1/ L'autre jour, un de mes étudiants américains désignait de "fasciste" les mouvements d'extrême-droite européens. Je lui répondait que le mot fasciste, très polémique, devait être conservé pour la désignation historique du XX° s et qu'il valait mieux parler, en ce XXI° siècle, de populisme : et je prenais l'exemple des "tea party", ce mouvement ultra-conservateur qui regarde Fox News aux États-Unis, pour faire la comparaison. J'ai senti beaucoup de surprise et de perplexité dans les yeux de mon Américain, qui n'avait jamais songé à cette assimilation.
2/ Cette perplexité m'a fait également réfléchir.

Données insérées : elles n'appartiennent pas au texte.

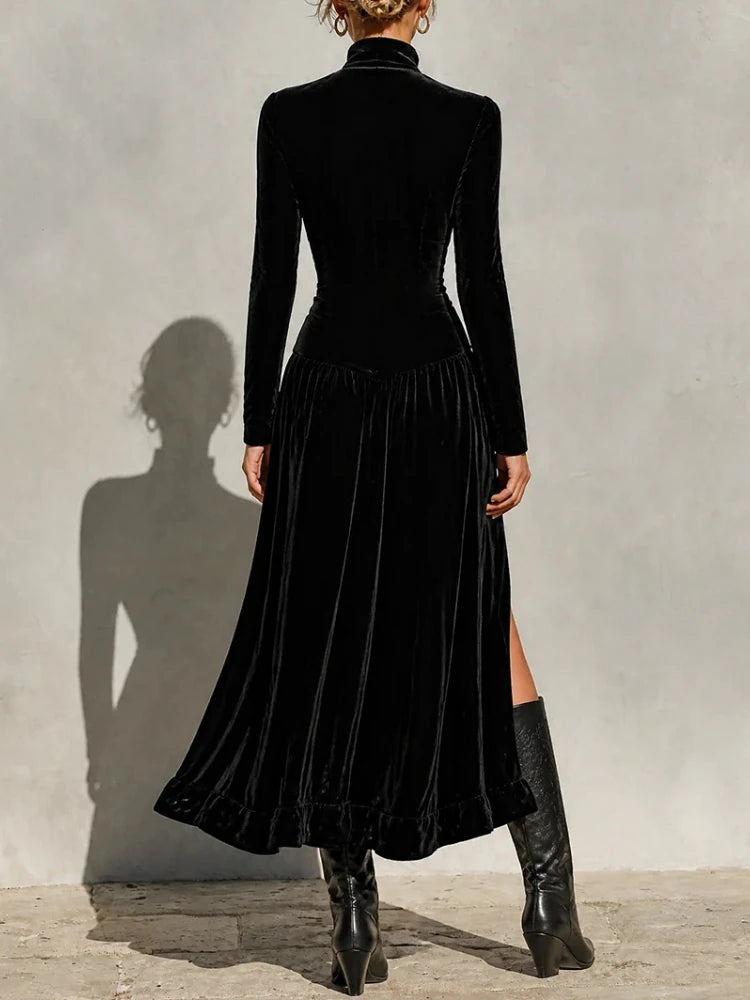 Back view of black velvet maxi dress with high split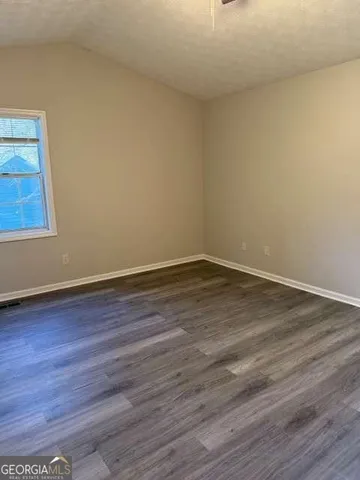 a view of a room that has wooden floor and large window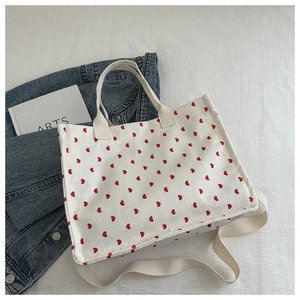 Detail of white corduroy tote bag featuring red heart prints and long shoulder strap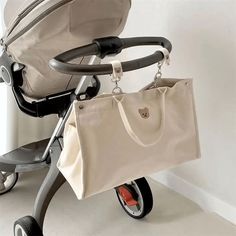 a baby stroller with a handbag attached to it's handlebars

A la suite notamment de mon billet récent sur le populisme en Europe. Souvenez-vous ; je cantonnais ça à un certain noyau péri-carolingien. L'exemple des tea-party me fait penser à une autre hypothèse.
3/ En effet, tous ces mouvements refléteraient le trouble de populations "occidentales' marquées par un déclin, ressenti (la question n'est pas ici de discuter de la réalité du déclin, autre sujet), et qui s'élèveraient contre elle par cette expression radicale.
4/ En effet, je note un déclin américain, que je dessine à petites touches au long de ce blog. Je constate aussi (de façon très nette depuis ces trois derniers mois) un déclin européen. Bref, les deux pôles de ce qu'il est convenu d'appeler l'Occident perdent leur influence relative. Rien de bien nouveau. Mais on voit bien que ce déclin est consécutif à la mondialisation entamée au cours des années 1990. Et que cette ouverture internationale, si elle profite à certains, ne profite pas à l'ensemble des "Occidentaux' (là encore, avec les guillemets d'usage).
5/ On aurait ainsi une inversion du vocabulaire politique. Une droite autrefois "protectionniste" et conservatrice qui est désormais partisane d'une ouverture maximale (libéralisation); une gauche autrefois internationaliste qui doit désormais évoquer la protection pour exprimer sa solidarité. Or, cette inversion ne se retrouve pas encore dans les programmes des uns et des autres. Devant ce vocabulaire politique brouillé et donc opaque, beaucoup des classes "populaires" se réfugieraient dans des comportements "populistes".
Le populisme que je croyais circonscrit à certains lieux européens serait alors un phénomène "occidental" : un refus de l'évolution du monde tel qu'il se bâtit depuis vingt ans.